• Exercise directions:
Nothing but the lines from the one containing "Bartın'da yağışta kontrolden" to the end of the data should be copied, exactly, and the pictures stay out.

• Source data:
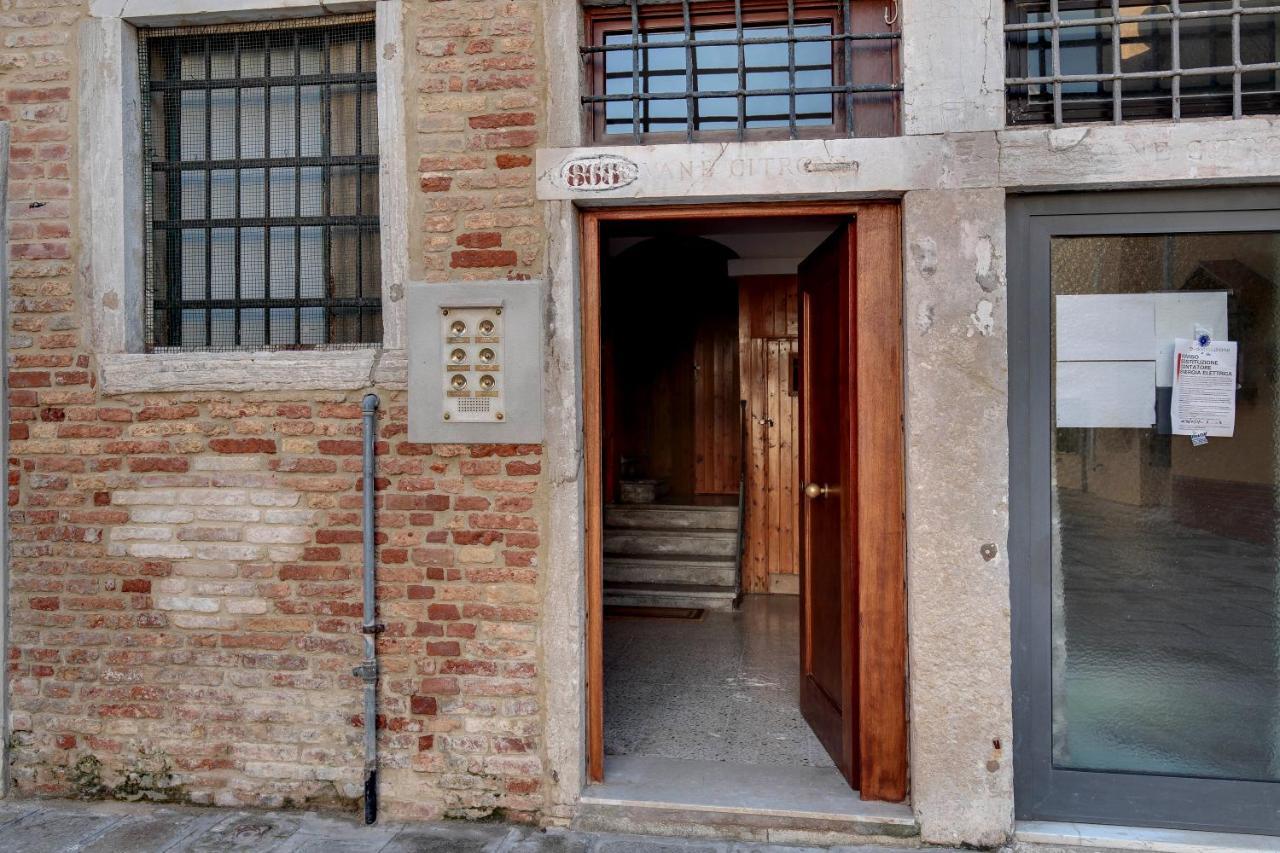 Biennale superior suite Venezia Esterno foto
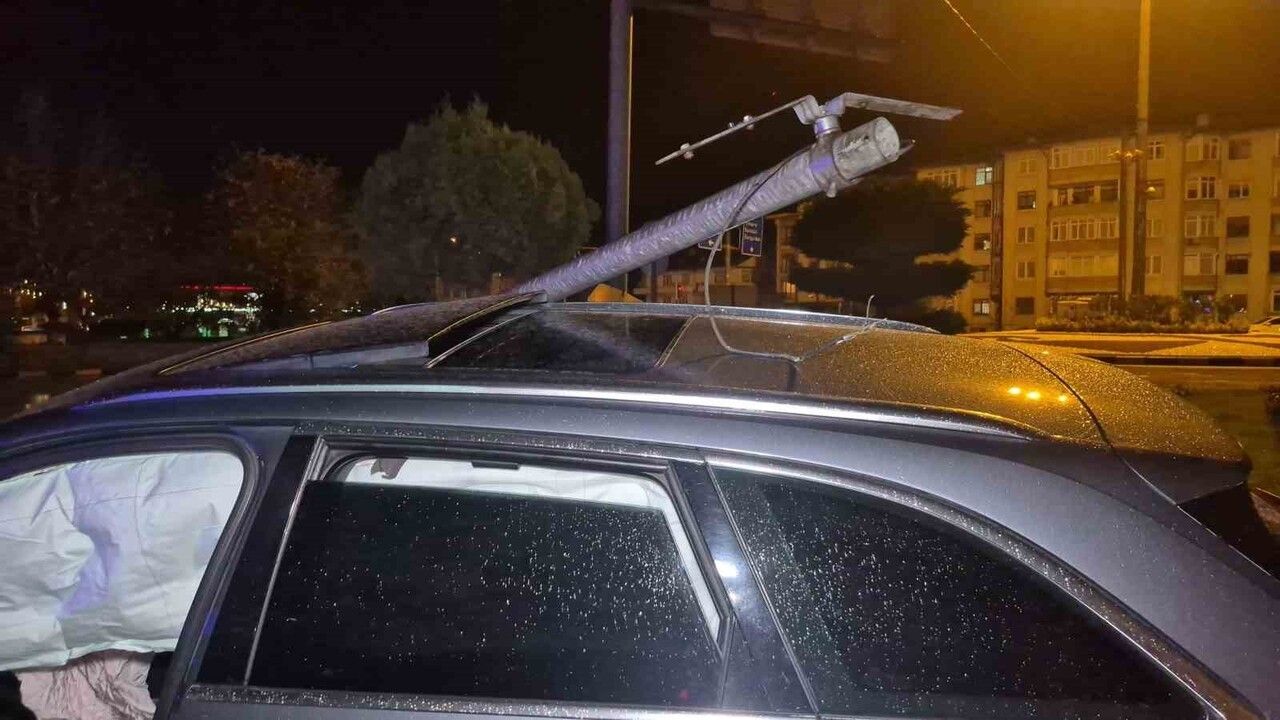 Bartın'da yağışta kontrolden çıkan araç trafik ışığı direğine çarptı; sürücü olay yerinden kaçtı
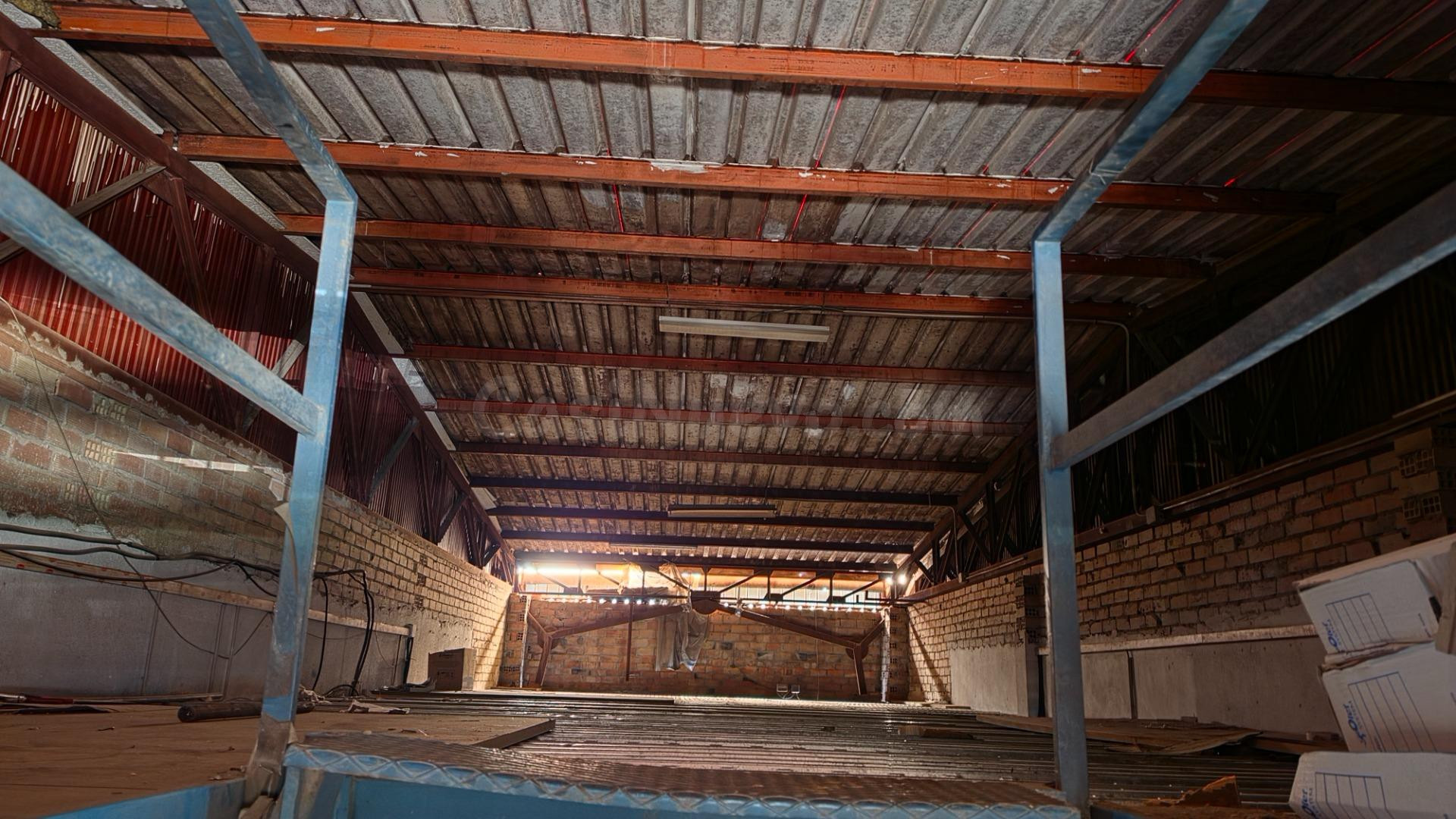 Nave industrial de 200 m2 en cerca de Avenida Ortega y Gasse - foto 4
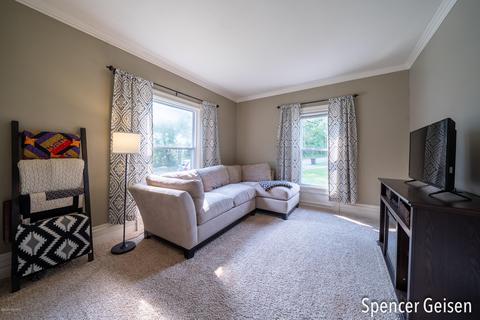 210 W High St, Belding, MI 48809 photo 7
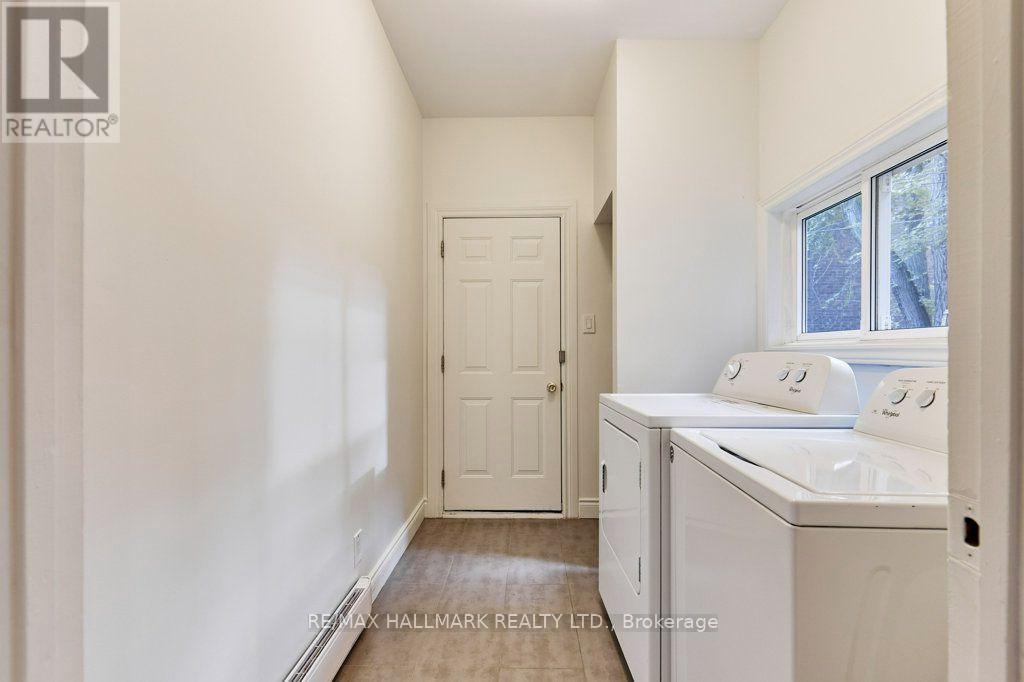 95 Browning Avenue, Toronto, Ontario  M4K 1W2 - Photo 11 - E13793284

• Result of the exercise:
 Bartın'da yağışta kontrolden çıkan araç trafik ışığı direğine çarptı; sürücü olay yerinden kaçtı
 Nave industrial de 200 m2 en cerca de Avenida Ortega y Gasse - foto 4
 210 W High St, Belding, MI 48809 photo 7
 95 Browning Avenue, Toronto, Ontario  M4K 1W2 - Photo 11 - E13793284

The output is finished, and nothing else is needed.